Vom 27. September bis zum 1. Oktober 2011 fand in Selçuk (Türkei) in den Räumen der Crisler Library Ephesos eine internationale Tagung des Sonderforschungsbereichs 586 (Differenz und Integration. Wechselwirkungen zwischen nomadischen und sesshaften Lebensformen in Zivilisationen der alten Welt) statt. Veranstaltet wurde die Tagung vom Teilprojekt E7 des SFB. Das Teilprojekt beschäftigt sich im Rahmen der SFB-Forschungen mit der literarischen Darstellung des antiken Nomadenbildes. In der Regel ist die altertumswissenschaftliche Forschung, die das Thema der Nomaden (zum Beispiel Skythen) in der antiken Literatur aufgreift, bisher von der Annahme geprägt, dass die antike Literatur hier vorzugsweise Stereotypen und Topoi verwende, und unterscheidet selten zwischen Barbaren und Nomaden, sodass letztere immer unter dem unseres Erachtens viel engeren und historisch ganz anders konnotierten Begriff Barbaren subsumiert werden. Nomadismus beschreibt sowohl ein historisches Phänomen als auch ein Phänomen der Wahrnehmung und Konstruktion. Beschreibungen von Nomaden begegnen in der antiken Literatur seit Homer und sind einerseits beeinflusst von Kontakten, Austausch und Kriegen mit Nomaden in den Regionen des Donau-Schwarzmeerraums, Nordafrikas und des syrisch-arabischen Raums. Andererseits vermischen sich Selbst- und Fremdbildkonstruktionen mit dem Barbarenbild und je nach regionalem und historischem Kontext repräsentieren sie sowohl idealisierte als auch ablehnend-kritische Vorstellungen von Nomaden.

Das Bild der Amazonen weist auf die gleiche Gegensatzstruktur hin und hat auch weitere Verbindungen mit dem Nomadenbild, die in den Vorträgen der Tagung thematisiert und analysiert wurden. Die Amazonen sind quer durch alle Epochen und Gattungen der Antike paradigmatisch im Hinblick auf die Repräsentation von Gegenbildern. Dies umfasst sowohl die Thematik des SFB (Nomaden und Sesshafte) als auch Gender- und Methodenfragen.

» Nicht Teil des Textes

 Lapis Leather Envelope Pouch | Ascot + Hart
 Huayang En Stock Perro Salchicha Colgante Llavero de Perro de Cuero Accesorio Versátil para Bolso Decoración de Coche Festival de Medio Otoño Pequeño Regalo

So stellen sie einen Gegenpol zur traditionellen griechischen Welt, aber auch zu der Welt der Skythen dar. Dies kann sowohl anhand der literarischen Überlieferung als auch anhand der bildlichen Zeugnisse besprochen werden. Darüber hinaus sind sie ein weiterer Gegenpol in der griechischen Welt selbst: einerseits als Gegner der bekannten Heroen und andererseits als Erscheinung des ganz Anderen im gängigen antiken Geschlechterverhältnis. In den Untersuchungen zu dem Verhältnis von Sesshaften und Nomaden spielten die Amazonen bisher kaum eine Rolle. So bleibt – trotz der prominenten Ausstellungen – auch zu untersuchen, wie die Konzepte Fremd, Anders oder ganz Anders in der besonderen Spannung zwischen den sesshaften Griechen und den oft als Nomaden charakterisierten Amazonen verarbeitet wurden.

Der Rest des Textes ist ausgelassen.